INPUT DATA:
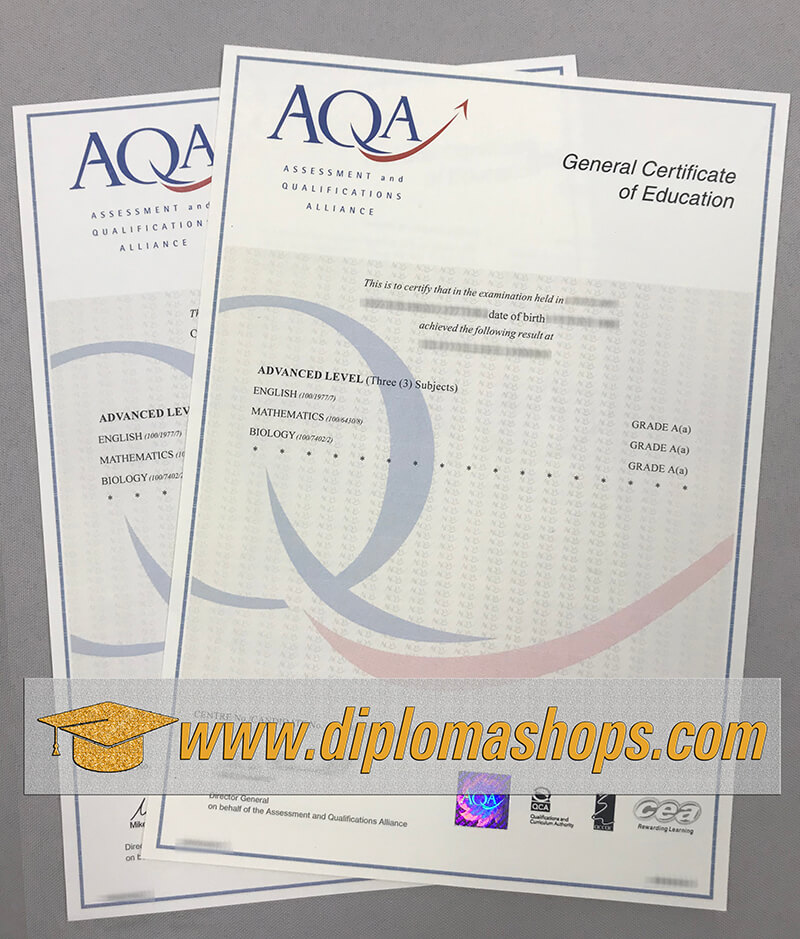 AQA(GCE) certificate AQA(GCE) certificate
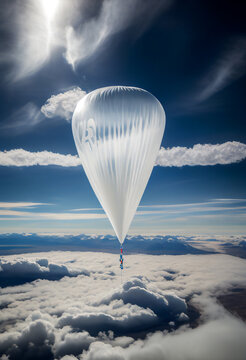 White round weather balloon with satellite technology sensors which can be used for meteoritical research or to gather gather spying surveillance data, computer Generative AI stock illustration image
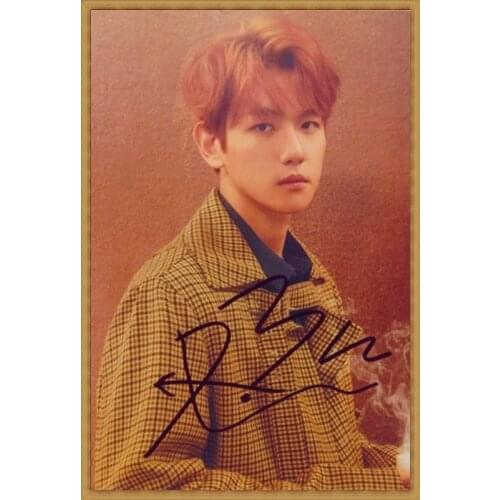 Hand signed EXO BaekHyun Baek Hyun autographed photo 6 inches free shipping K-POP 022018C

WHAT YOU NEED TO DO:
Please restate the material above line by line, exactly, beginning at its first line and ending with the line that contains "White round weather", without any pictures.

ANSWER TO THIS PROBLEM:
 AQA(GCE) certificate AQA(GCE) certificate
 White round weather balloon with satellite technology sensors which can be used for meteoritical research or to gather gather spying surveillance data, computer Generative AI stock illustration image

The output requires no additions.